Lagrangebench
LagrangeBench: A Lagrangian Fluid Mechanics Benchmarking Suite
Install / Use
/learn @tumaer/LagrangebenchREADME
NeurIPS page with video and slides here.
Table of Contents
Installation
Standalone library
Install the core lagrangebench library from PyPi as
python3.10 -m venv venv
source venv/bin/activate
pip install lagrangebench --extra-index-url=https://download.pytorch.org/whl/cpu
Note that by default lagrangebench is installed without JAX GPU support. For that follow the instructions in the GPU support section.
Clone
Clone this GitHub repository
git clone https://github.com/tumaer/lagrangebench.git
cd lagrangebench
Install the dependencies with Poetry (>=1.6.0)
poetry install --only main
Alternatively, a requirements file is provided. It directly installs the CUDA version of JAX.
pip install -r requirements_cuda.txt
For a CPU version of the requirements file, one could use docs/requirements.txt.
GPU support
To run JAX on GPU, follow Installing JAX, or in general run
pip install -U "jax[cuda12]==0.4.29"
Note: as of 27.06.2024, to make our GNN models deterministic on GPUs, you need to set
os.environ["XLA_FLAGS"] = "--xla_gpu_deterministic_ops=true". However, all current models rely ofscatter_sum, and this operation seems to be slower than running a normal for-loop in Python, when executed in deterministic mode, see #17844 and #10674.
MacOS
Currently, only the CPU installation works.

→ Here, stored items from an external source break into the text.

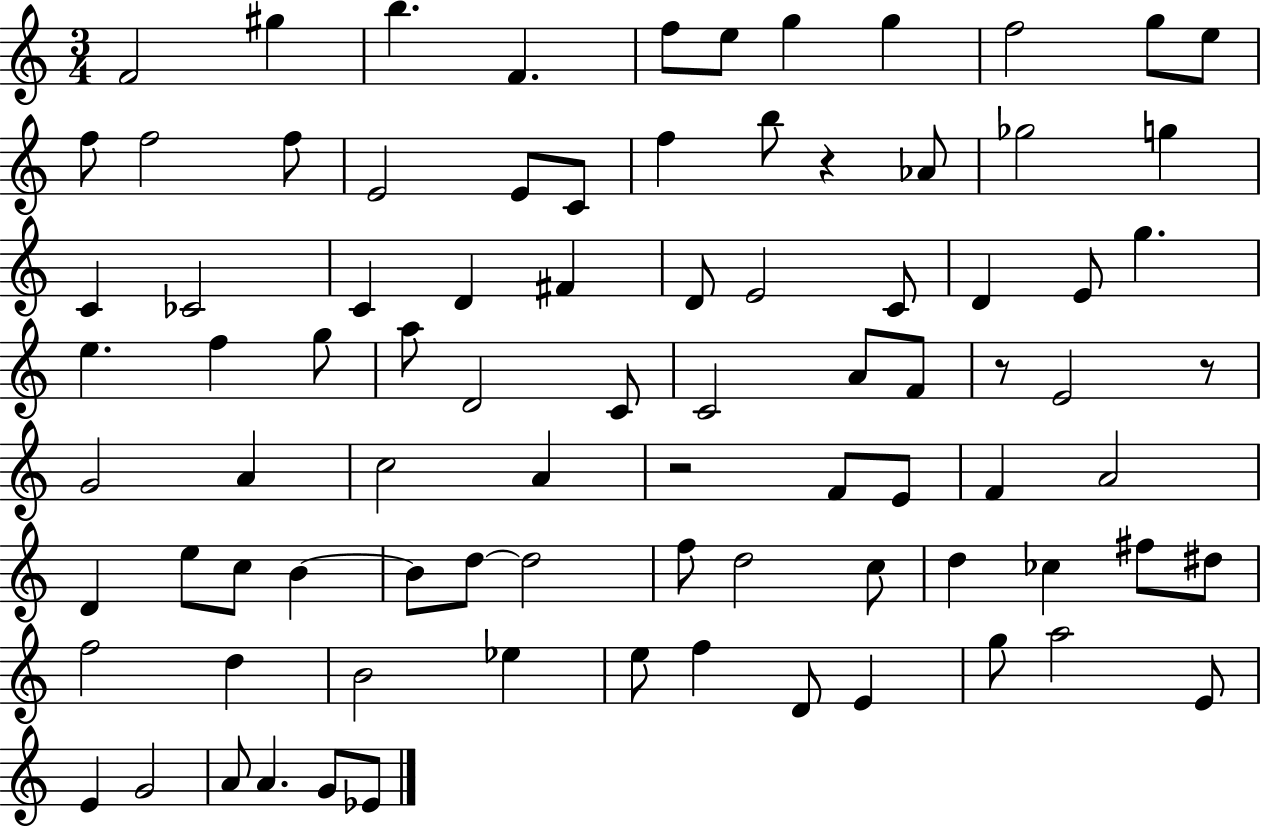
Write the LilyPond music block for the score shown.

{
  \clef treble
  \numericTimeSignature
  \time 3/4
  \key c \major
  f'2 gis''4 | b''4. f'4. | f''8 e''8 g''4 g''4 | f''2 g''8 e''8 | \break f''8 f''2 f''8 | e'2 e'8 c'8 | f''4 b''8 r4 aes'8 | ges''2 g''4 | \break c'4 ces'2 | c'4 d'4 fis'4 | d'8 e'2 c'8 | d'4 e'8 g''4. | \break e''4. f''4 g''8 | a''8 d'2 c'8 | c'2 a'8 f'8 | r8 e'2 r8 | \break g'2 a'4 | c''2 a'4 | r2 f'8 e'8 | f'4 a'2 | \break d'4 e''8 c''8 b'4~~ | b'8 d''8~~ d''2 | f''8 d''2 c''8 | d''4 ces''4 fis''8 dis''8 | \break f''2 d''4 | b'2 ees''4 | e''8 f''4 d'8 e'4 | g''8 a''2 e'8 | \break e'4 g'2 | a'8 a'4. g'8 ees'8 | \bar "|."
}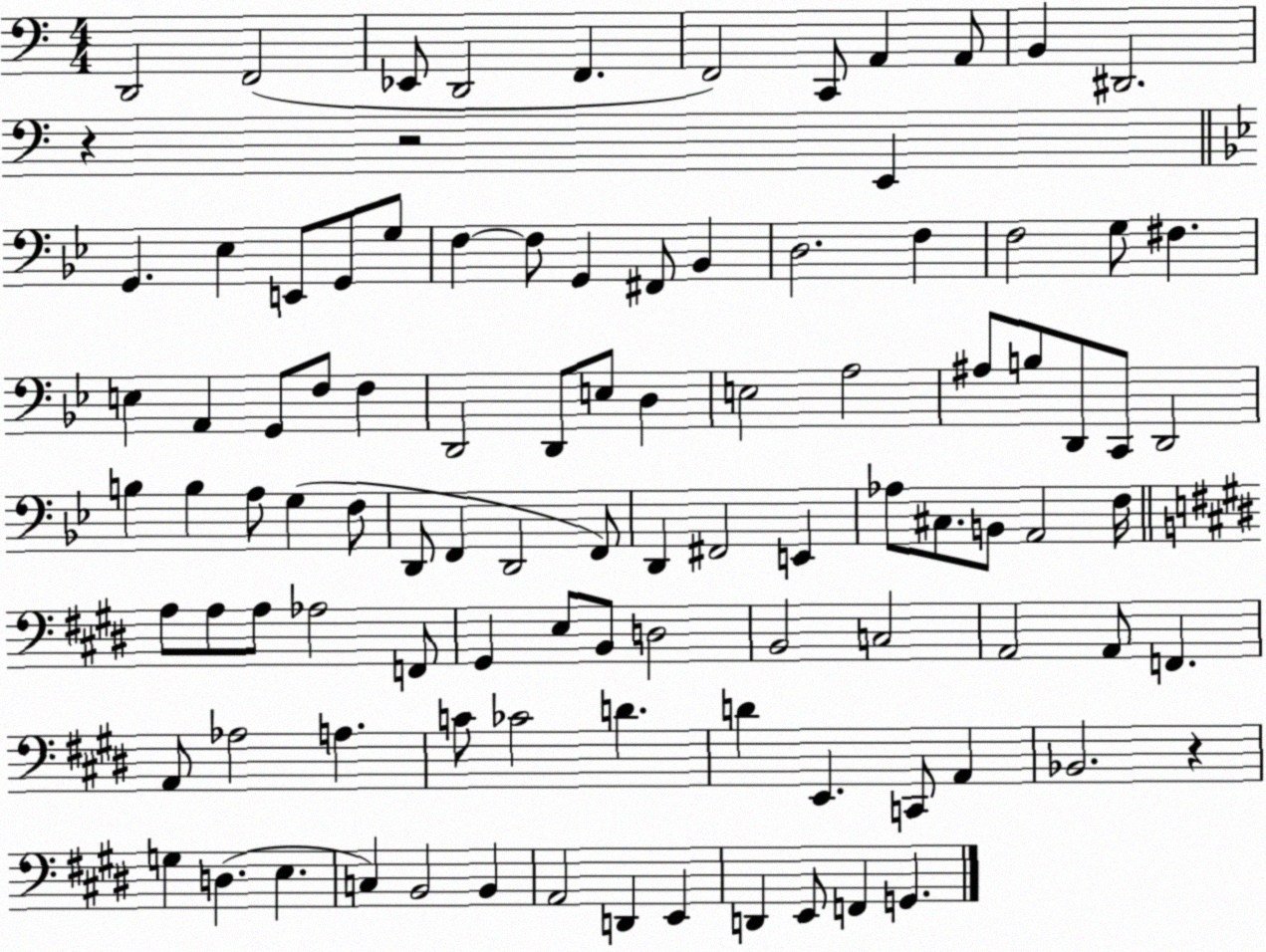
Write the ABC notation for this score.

X:1
T:Untitled
M:4/4
L:1/4
K:C
D,,2 F,,2 _E,,/2 D,,2 F,, F,,2 C,,/2 A,, A,,/2 B,, ^D,,2 z z2 E,, G,, _E, E,,/2 G,,/2 G,/2 F, F,/2 G,, ^F,,/2 _B,, D,2 F, F,2 G,/2 ^F, E, A,, G,,/2 F,/2 F, D,,2 D,,/2 E,/2 D, E,2 A,2 ^A,/2 B,/2 D,,/2 C,,/2 D,,2 B, B, A,/2 G, F,/2 D,,/2 F,, D,,2 F,,/2 D,, ^F,,2 E,, _A,/2 ^C,/2 B,,/2 A,,2 F,/4 A,/2 A,/2 A,/2 _A,2 F,,/2 ^G,, E,/2 B,,/2 D,2 B,,2 C,2 A,,2 A,,/2 F,, A,,/2 _A,2 A, C/2 _C2 D D E,, C,,/2 A,, _B,,2 z G, D, E, C, B,,2 B,, A,,2 D,, E,, D,, E,,/2 F,, G,,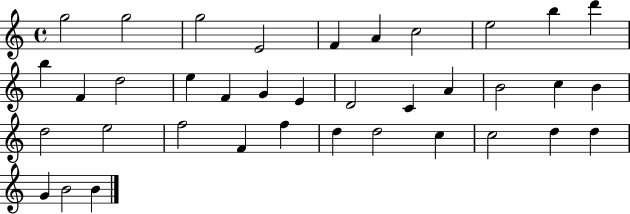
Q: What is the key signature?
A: C major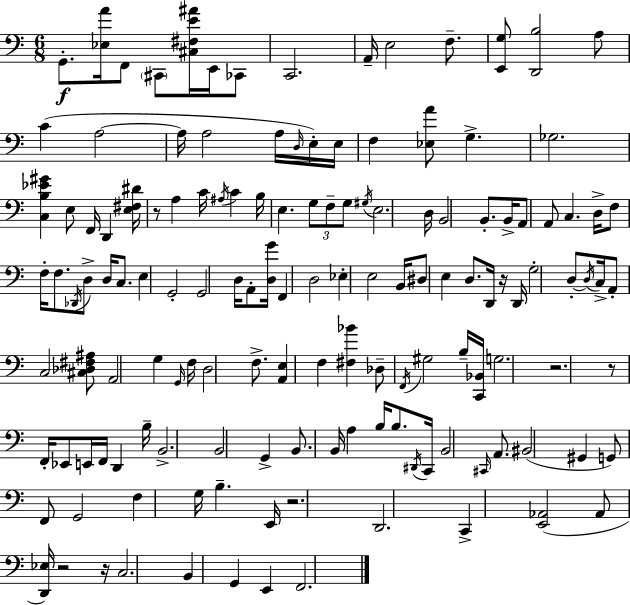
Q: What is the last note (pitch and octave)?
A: F2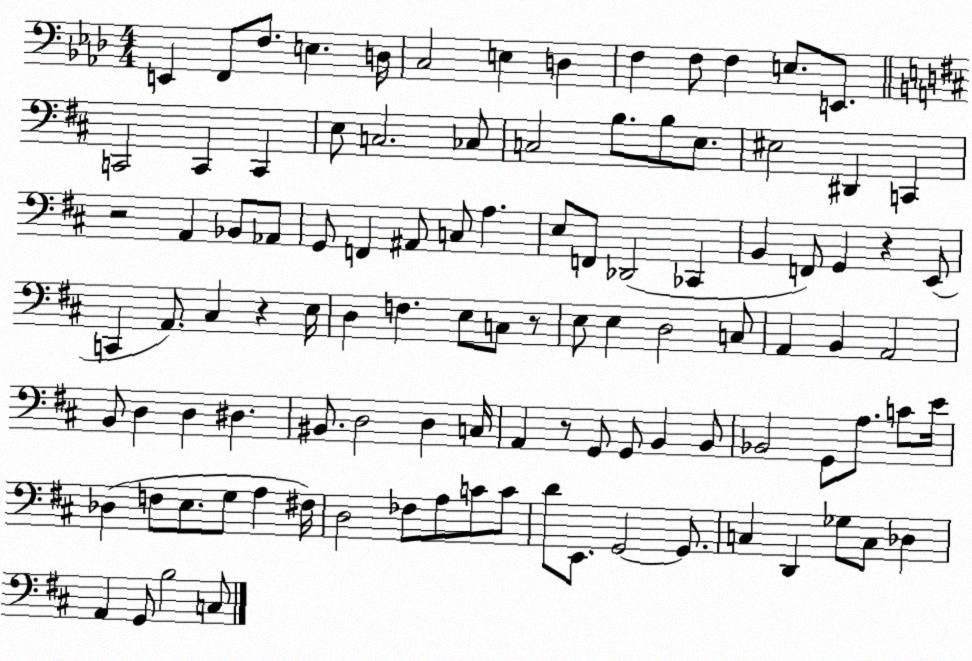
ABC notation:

X:1
T:Untitled
M:4/4
L:1/4
K:Ab
E,, F,,/2 F,/2 E, D,/4 C,2 E, D, F, F,/2 F, E,/2 E,,/2 C,,2 C,, C,, E,/2 C,2 _C,/2 C,2 B,/2 B,/2 E,/2 ^E,2 ^D,, C,, z2 A,, _B,,/2 _A,,/2 G,,/2 F,, ^A,,/2 C,/2 A, E,/2 F,,/2 _D,,2 _C,, B,, F,,/2 G,, z E,,/2 C,, A,,/2 ^C, z E,/4 D, F, E,/2 C,/2 z/2 E,/2 E, D,2 C,/2 A,, B,, A,,2 B,,/2 D, D, ^D, ^B,,/2 D,2 D, C,/4 A,, z/2 G,,/2 G,,/2 B,, B,,/2 _B,,2 G,,/2 A,/2 C/2 E/4 _D, F,/2 E,/2 G,/2 A, ^F,/4 D,2 _F,/2 A,/2 C/2 C/2 D/2 E,,/2 G,,2 G,,/2 C, D,, _G,/2 C,/2 _D, A,, G,,/2 B,2 C,/2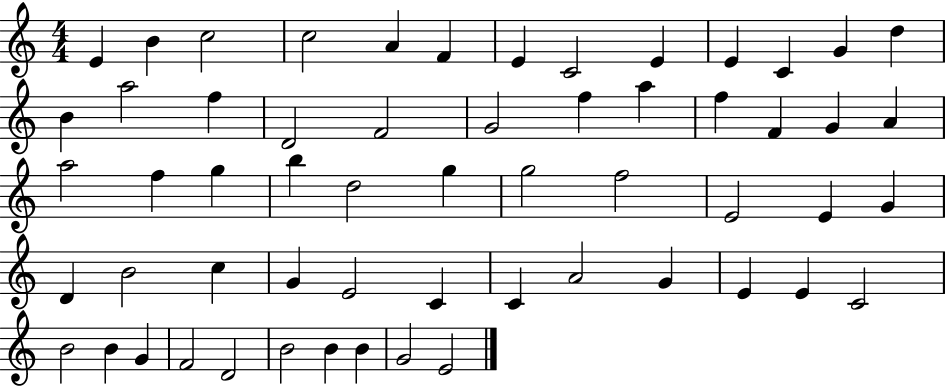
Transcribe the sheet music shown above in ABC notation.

X:1
T:Untitled
M:4/4
L:1/4
K:C
E B c2 c2 A F E C2 E E C G d B a2 f D2 F2 G2 f a f F G A a2 f g b d2 g g2 f2 E2 E G D B2 c G E2 C C A2 G E E C2 B2 B G F2 D2 B2 B B G2 E2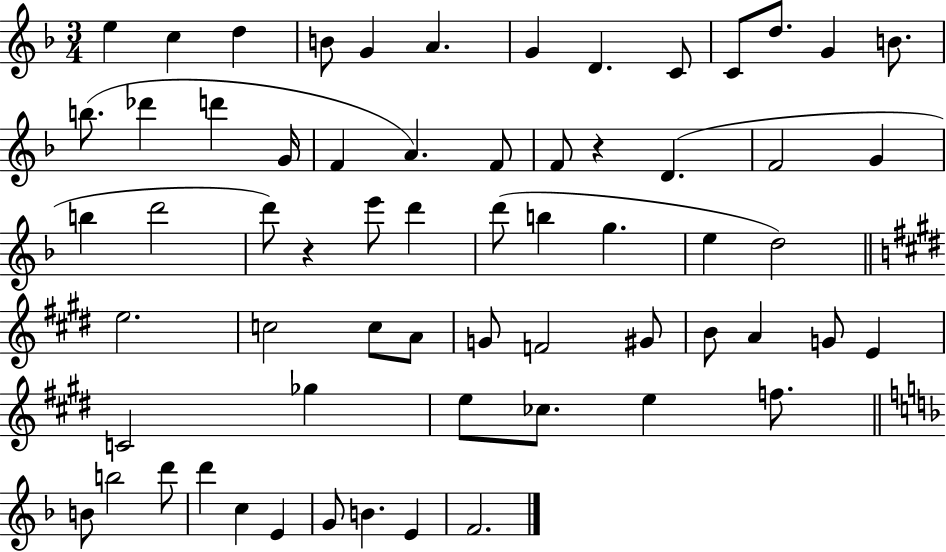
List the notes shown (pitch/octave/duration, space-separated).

E5/q C5/q D5/q B4/e G4/q A4/q. G4/q D4/q. C4/e C4/e D5/e. G4/q B4/e. B5/e. Db6/q D6/q G4/s F4/q A4/q. F4/e F4/e R/q D4/q. F4/h G4/q B5/q D6/h D6/e R/q E6/e D6/q D6/e B5/q G5/q. E5/q D5/h E5/h. C5/h C5/e A4/e G4/e F4/h G#4/e B4/e A4/q G4/e E4/q C4/h Gb5/q E5/e CES5/e. E5/q F5/e. B4/e B5/h D6/e D6/q C5/q E4/q G4/e B4/q. E4/q F4/h.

You will need to change a few small things to get it going:
- Clone installation: in
pyproject.tomlchange the torch version from2.1.0+cputo2.1.0. Then, remove thepoetry.lockfile and runpoetry install --only main. - Configs: You will need to set
dtype=float32andtrain.num_workers=0.
Although the current jax-metal==0.0.5 library supports jax in general, there seems to be a missing feature used by jax-md related to padding -> see this issue.
Usage
Standalone benchmark library
A general tutorial is provided in the example notebook "Training GNS on the 2D Taylor Green Vortex" under ./notebooks/tutorial.ipynb on the LagrangeBench repository. The notebook covers the basics of LagrangeBench, such as loading a dataset, setting up a case, training a model from scratch and evaluating its performance.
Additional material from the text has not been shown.